[RESEND RFC PATCH v1] arm64: kvm: flush tlbs by range in unmap_stage2_range function

Mon Jul 27 13:12:34 EDT 2020

Zhenyu,

On 2020-07-27 15:51, Zhenyu Ye wrote:
> Hi Marc,
> 
> On 2020/7/26 1:40, Marc Zyngier wrote:
>> On 2020-07-24 14:43, Zhenyu Ye wrote:
>>> Now in unmap_stage2_range(), we flush tlbs one by one just after the
>>> corresponding pages cleared.  However, this may cause some 
>>> performance
>>> problems when the unmap range is very large (such as when the vm
>>> migration rollback, this may cause vm downtime too loog).
>> 
>> You keep resending this patch, but you don't give any numbers
>> that would back your assertion.
> 
> I have tested the downtime of vm migration rollback on arm64, and found
> the downtime could even take up to 7s.  Then I traced the cost of
> unmap_stage2_range() and found it could take a maximum of 1.2s.  The
> vm configuration is as follows (with high memory pressure, the dirty
> rate is about 500MB/s):
> 
>   <memory unit='GiB'>192</memory>
>   <vcpu placement='static'>48</vcpu>
>   <memoryBacking>
>     <hugepages>
>       <page size='1' unit='GiB' nodeset='0'/>
>     </hugepages>
>   </memoryBacking>

This means nothing to me, I'm afraid.

> 
> After this patch applied, the cost of unmap_stage2_range() can reduce 
> to
> 16ms, and VM downtime can be less than 1s.
> 
> The following figure shows a clear comparison:
> 
> 	      |	vm downtime  |	cost of unmap_stage2_range()
> --------------+--------------+----------------------------------
> before change |		7s   |		1200 ms
> after  change |		1s   |		  16 ms
> --------------+--------------+----------------------------------

I don't see how you turn a 1.184s reduction into a 6s gain.
Surely there is more to it than what you posted.

>>> +
>>> +    if ((end - start) >= 512 << (PAGE_SHIFT - 12)) {
>>> +        __tlbi(vmalls12e1is);
>> 
>> And what is this magic value based on?
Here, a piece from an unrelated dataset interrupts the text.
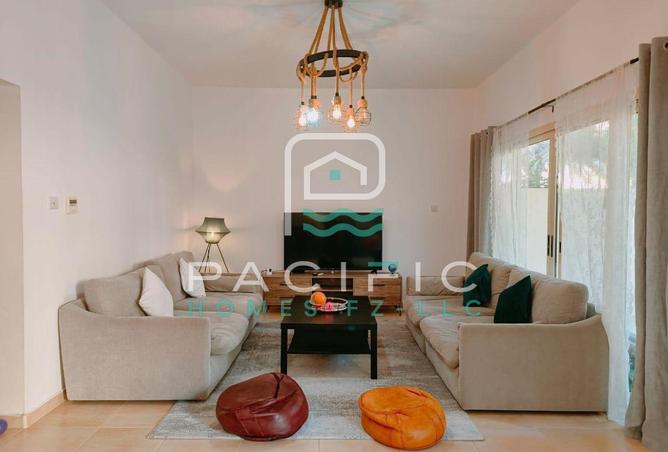 55748646 - صورة العقار 2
You don't even mention in the
>> commit log that you are taking this shortcut.
>> 
> 
> 
> If the page num is bigger than 512, flush all tlbs of this vm to avoid
> soft lock-ups on large TLB flushing ranges.  Just like what the
> flush_tlb_range() does.

I'm not sure this is applicable here, and it doesn't mean
this is as good on other systems.

Thanks,

         M.
-- 
Jazz is not dead. It just smells funny...